Why I Haven’t Bought Any Marijuana Stocks Yet

Unless you have been under a rock you probably heard that Colorado became the first State in the nation to legalize marijuana for recreational purposes and WOW there has been a pent up demand.  Huffington Post reported that there was $5,000,000 worth of marijuana sold in the first week!  The stocks associated with the industry has grown appropriately (w/ some nice volatility to boot):

Growth of Marijuana Stocks

So why am I so Weary about Marijuana Stocks?

Unsurprisingly, the world’s greatest investor was able to express what I felt in my gut better than I would have ever been able.  The following quote is from a book I recently finished, The Snowball, the authorized Warren Buffett biography.  In 1999 he was speaking in front of a group considered by some to be the smartest and brightest in the business and investment world (Sun Valley Conference).  The topic of his speech/slideshow  was about how he didn’t understand the dot com valuations (If you read the chapter you have to chuckle at the foresight he had):

This is half of a page which comes from a list of all the auto companies in the Unites States. He waved the complete list in the air. There were two thousand auto companies: the most important invention, probably, of the first half of the twentieth century.  It had an enormous impact on people’s lives.  If you had seen at the time of the first cars how this country would develop in connection with autos, you would have said, ‘This is the place I must be.’  But of the two thousand companies, as of a few years ago, only three car companies survives.

***

Now, the other great invention of the first half of the century was the airplane. In this period from 19191 to 1939, there were about two hundred companies. Imagine if you could have seen the future in the airline industry back there at Kitty Hawk.  You would have seen a world undreamed of. But assume you had the insight, and you saw all of these people wishing to fly and to visit their relatives or run away from their relatives or whatever you do in an airplane, and you decided this was the place to be.

As of a couple years ago, there had been zero money made from the aggregate of all stock investments in the airline industry in history.

Italicized the speech / non-emphasized is the author describing the scene

Forget the long term, I can’t figure out the short term with the marijuana stocks.  It seems that any of these over the counter stocks could double or drop in price by 75% in one day!
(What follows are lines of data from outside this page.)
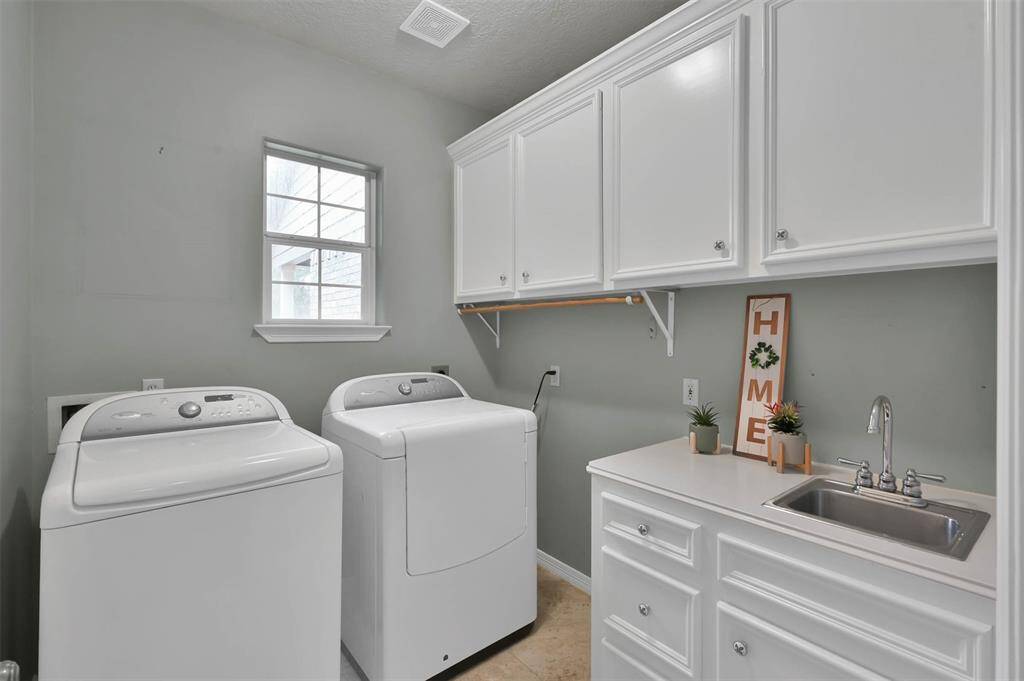 Spacious laundry room with custom cabinets, a convenient sink, and abundant natural light.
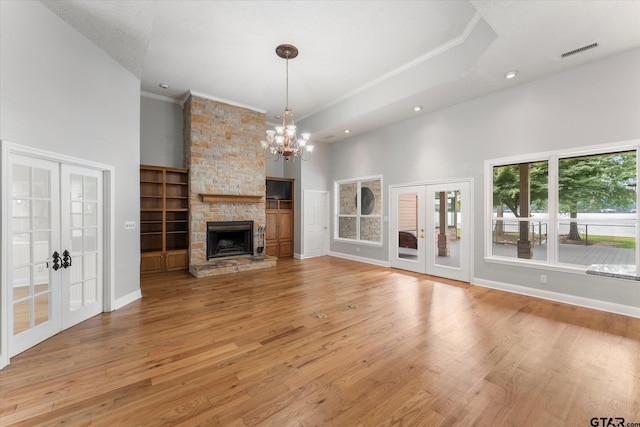 89 Eagle Cv, Mount Vernon, TX 75457 - unfurnished living room with french doors, ornamental molding, recessed lighting, light wood-style flooring, and built in shelves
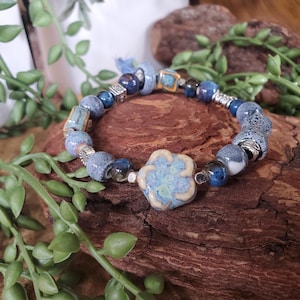 May include: A handcrafted bracelet featuring a variety of blue ceramic beads, including a large flower-shaped bead. The bracelet incorporates silver-toned metal accents and a small blue tassel. The beads vary in size and texture.
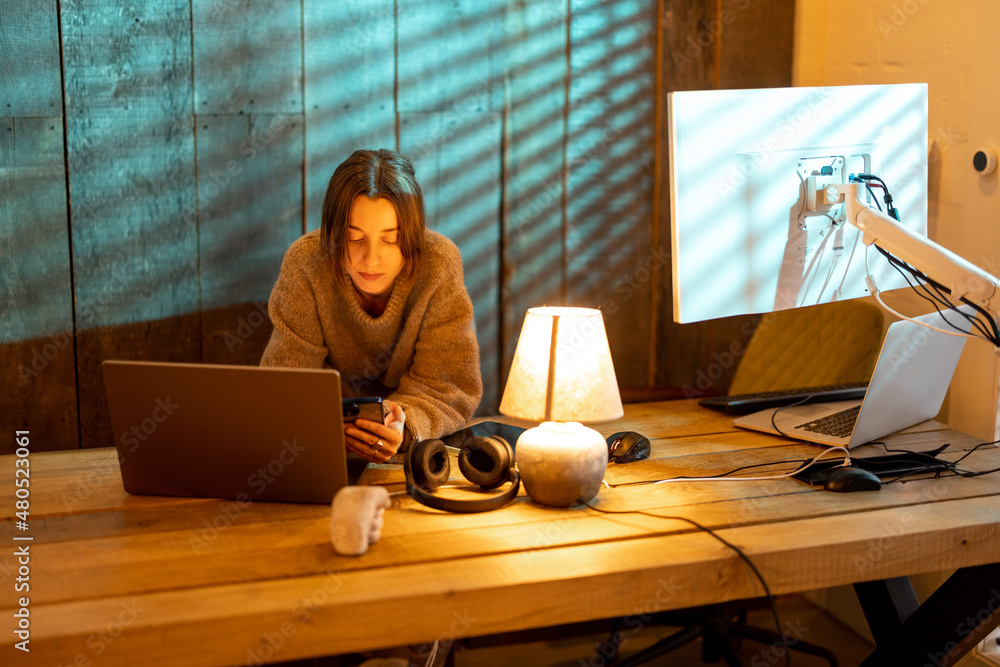 Young focused woman using smart phone while sitting at cozy home office during the nighttime. Concep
I don’t think I have the risk tolerance to try figure out which marijuana stock is going to the Ford or the Boeing.   Maybe someone in my investing club will do some research for me!

 

Have you bought any of these stocks? what about other marijuana stocks?

6 Responses to Why I Haven’t Bought Any Marijuana Stocks Yet

  1. Can’t blame you on that one. The list of companies that always flock to any new industry is always staggering and trying to pick one of the few winners is akin to finding 3-5 needles in a haystack. Great odds! My guess is that big tobacco will gobble up the winners in that space in a few years time.

    • I don’t know if there will be consolidation into a big conglomerate until after the federal gov’t bails on the uphill (and not working) battle against Marijuana

  2. Agreed – the volatility and number of companies makes it difficult if not impossible to know what’s going to stick for the long run. Who knows if the industry will even stick around for the long run?

    • It isn’t even the long run, but short run also. Even if you were going to do a few months in and out who the hell knows which will be up 50% or down 40%?

  3. I tend to be leery of things that are currently “hot” or popular. On the other hand, prob’ly if you’d bought stock in Seagram’s in 1933 (when Prohibition ended), you’d be a happy camper today.

    But the Seagram’s name existed a long time before Prohibition, and because the company was founded and headquartered in Canada, it not only weathered the great American drought, it profited mightily between 1920 and 1933. It’s hard to figure out a short-term prospect when there’s never been a long term!